Porque mesmo ficando nessa zona de conforto, o filme constrói bem seus personagens – todos eles -, cria momentos de identificação fortes e passa uma mensagem coesa. No final, mesmo com as situações absurdas que acabam ocorrendo com eles, senti que esses personagens realmente são pessoas que existem – e isso é algo que não acontece com frequência nestes filmes de adolescentes.

O humor e os conflitos fazem com que o filme passe uma mensagem terna, não de aceitação ou anti-homofóbica, mas de amor e confiança no mundo ao redor.
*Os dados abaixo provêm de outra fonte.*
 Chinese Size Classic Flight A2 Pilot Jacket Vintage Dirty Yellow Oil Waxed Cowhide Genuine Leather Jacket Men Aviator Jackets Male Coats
Como eu disse, o segredo de Simon é o protagonista – não estamos debatendo se ser gay é errado ou não, se é uma fase ou não, se é difícil ou não, estamos falando sobre o momento em que você decide revelar este fato ao mundo, e o por quê disso. Entender esta mensagem é importante porque alguns podem dizer que o filme não faz jus à comunidade que representa – o que é bem verdade -, mas também é verdade que não se propõe a isso.

No fim das contas, é um filme doce, fofo e tolo, que representa uma parte bem pequena da comunidade gay (que já é só o G dentro do LGBT), mas que pode, sim, ser assistido por qualquer um no tédio de uma tarde de sábado ou numa festa do pijama com os amigos.

COM AMOR, SIMON

Diretor: Greg Berlanti

Elenco: Nick Robinson, Jennifer Garner, Josh Duhamel e mais

Ano de lançamento: 2018

Aos 17 anos, Simon Spier (Nick Robinson) aparentemente leva uma vida comum, mas sofre por esconder um grande segredo: não revelou ser gay para sua família e amigos. E tudo fica mais complicado quando ele se apaixona por um dos colegas de classe, anônimo, na internet.